Synopsis

This report documents my analysis of the U.S. National Oceanic and Atmospheric Administration’s (NOAA) storm database. After downloading, decompressing and importing the data, I aggregated the data to compare total injuries and fatalities caused by different weather events as well as the economic damages inflicted by those events. It turns out that the most fatalities and injuries are caused by tornados whereas floods inflict the highest economic damages. These results are visualized by simple bar charts.

Data Processing

This part describes the data extracting, loading and transformation operations that were performed in order to get a tidy data set for further analyses.

Reading in the data

The data file is found here

The following code downloads the data from the specified URL and saves it locally before loading it into R.

library(data.table)
library(R.utils)

## Warning: package 'R.utils' was built under R version 3.2.5

## Loading required package: R.oo

## Loading required package: R.methodsS3

## R.methodsS3 v1.7.1 (2016-02-15) successfully loaded.
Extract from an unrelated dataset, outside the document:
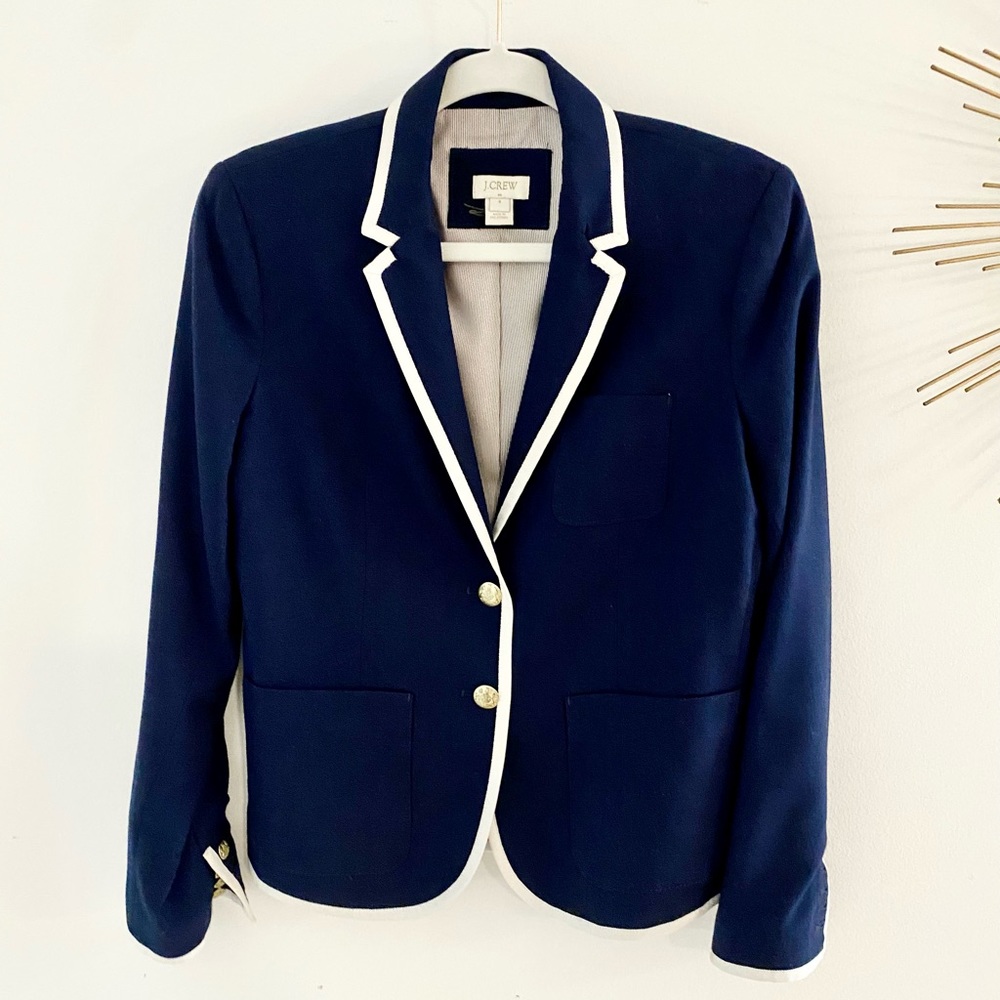 Classic White Trimmed Navy Blue Blazer 4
See ?R.methodsS3 for help.

## R.oo v1.20.0 (2016-02-17) successfully loaded. See ?R.oo for help.

## 
## Attaching package: 'R.oo'

## Die folgenden Objekte sind maskiert von 'package:methods':
## 
##     getClasses, getMethods

## Die folgenden Objekte sind maskiert von 'package:base':
## 
##     attach, detach, gc, load, save

## R.utils v2.3.0 (2016-04-13) successfully loaded. See ?R.utils for help.

## 
## Attaching package: 'R.utils'

## Das folgende Objekt ist maskiert 'package:utils':
## 
##     timestamp

## Die folgenden Objekte sind maskiert von 'package:base':
## 
##     cat, commandArgs, getOption, inherits, isOpen, parse, warnings

if(!dir.exists("data")){
        dir.create("data")
}
download.file("https://d396qusza40orc.cloudfront.net/repdata%2Fdata%2FStormData.csv.bz2",
              "data/StormData.csv.bz2")
bunzip2("data/StormData.csv.bz2", "data/StormData.csv", remove=FALSE, overwrite = TRUE)
data <- fread("data/StormData.csv")

## 
Read 0.0% of 967216 rows
Read 21.7% of 967216 rows
Read 34.1% of 967216 rows
Read 49.6% of 967216 rows
Read 60.0% of 967216 rows
Read 72.4% of 967216 rows
Read 78.6% of 967216 rows
Read 87.9% of 967216 rows
Read 902297 rows and 37 (of 37) columns from 0.523 GB file in 00:00:11

## Warning in fread("data/StormData.csv"): Read less rows (902297) than were
## allocated (967216). Run again with verbose=TRUE and please report.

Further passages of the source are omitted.